One such recovery tool is the online tool from uncutdata.com. This tool lets you do a comprehensive recovery straight from your browser! You don’t need to download anything to use this tool.
With multiple scan modes and high security, this tool helps you easily recover data lost through various means. So if you’re looking for a safe way to recover data, make sure to visit uncutdata.com.
3. Change the Drives’ Letter
Your SD card acts as a drive since it is a device that holds memory. Because of this, it will be recognized by your operating system and have a letter assigned to it.
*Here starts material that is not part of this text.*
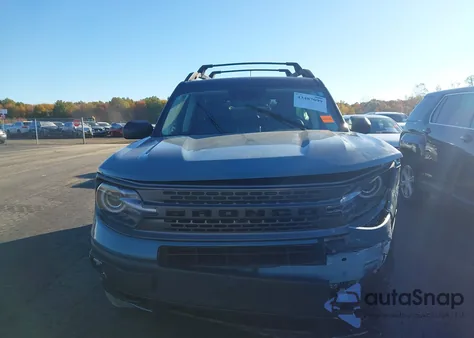 2021 Ford Bronco Sport First Edition z USA, uszkodzony, nr VIN 3FMCR9F98MRA13173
For example, the drive that holds your operating system (in Windows) always has the letter ‘C’ assigned to it.
Your second drive, or second patrician, will be assigned the letters ‘D’ or ‘F’. You should always make sure that your SD card doesn’t have eighter of these letters, and if it does, all you have to do is simply change the letter.
Doing so would make sure that your memory device appears in ‘My Computer’. To do that, however, you have to do the following:
Navigate to your PC’s Disk Management section by pressing ‘Win + X’ on your keyboard. Once you’ve done that, simply find ‘Disk Management’.
From the window, locate your device, right-click on it, and navigate towards ‘Change Device Letter and Paths…’
Next, click ‘Add’ and then assign a new letter to your drive. Finish up by pressing ‘OK’ to save all the changes you’ve made.
4. Check the Bad Sectors
This fix is probably the most complicated one, and we’re not so sure everyone could follow through. This fix requires you to use Windows’s cmd. If you’re not familiar with cmd, or have no idea how to open it, simply press ‘Win + (type) cmd’.
We do this because an SD card has a limited lifespan, and bad sectors usually shorten it. So one way to check for corrupt or bad sectors is to run ‘Chkdsk cmd’.
We start off by plugging eighter your SD card reader or adapter into one of your USB ports in your PC
Run ‘cmd’ by pressing ‘Win + cmd’
You need to know the letter of your drive, we mentioned that earlier. As an example, we’ll take the letter H
Once in cmd, type the following: chkdsk/X /(drive letter)h:. So if your drive has the letter H assigned to it, it would be the following: chkdsk /X /h:.
It would usually take a couple of minutes for Windows to start performing the bad sector checkup, so make sure not to close cmd.
If there are any bad sectors, the following message will appear” Windows has made a correction to the file system”.
What this means is that the damaged SD card bad sectors have been repaired, meaning your data can be browsed again and your SD card operational.
If following through these steps is hard for you, then using 3rd party software is usually the best way to do it. Apart from being user-friendly, this software tell you exactly what you need to do to eighter recover or try to repair your damaged SD card.